Before the sentencing, Misch penned a letter to the court that proclaimed his innocence, but requested the death penalty nonetheless. Years ago, after learning he was a suspect in Duey and Xavier’s murders, he attempted suicide in prison, authorities said.

“I truely (sic) pray that both families can find some peace in their lives after nearly 40 years. Even if it is at the expense of an innocent man,” wrote Misch, who was convicted of rape, assaulting a woman, and a burglary with an apparent lewd motive years before his first murder case. He later added that he wanted the state to execute him as, “Anything less should be considered cruel and unusual punishment.”

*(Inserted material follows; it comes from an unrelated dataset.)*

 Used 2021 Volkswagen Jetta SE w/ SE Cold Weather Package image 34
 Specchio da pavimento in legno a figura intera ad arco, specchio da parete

A trial date for Michaela’s murder case has not yet been set. This week, prosecutors announced that they were reinstating special circumstances for alleged murder during the commission of a kidnapping.

The effect of this will be more symbolic — whether he’s convicted or not, Misch stands a better chance of escaping from prison than being granted parole — but it is yet another signal that recently appointed Alameda County District Attorney Ursula Jones Dickson is more amenable to seeking lengthier prison sentences than her predecessor, Pamela Price, who sought to scale back the use of sentencing enhancements.

Michaela was at a Hayward corner store buying candy with a friend when she was abducted. Her kidnapper placed her scooter next to his parked Oldsmobile so he could snatch her when she emerged. In 2020, authorities said that fingerprints found on the scooter, previously believed to be unusable, were linked to Misch.

Hundreds of cops, family members, and volunteers searched for Michaela, and found nothing. There’s a common theory that Misch dumped her body in a wooded area near Niles Canyon, but no proof. Misch’s lawyer has previously argued that there’s no definitive proof Michaela actually died.

If the prosecution’s theory is correct, Misch is the only one who could Michaela’s family some closure. All it would take was for a man described as a “monster,” and “the devil incarnate” by his victims’ family members to show some compassion.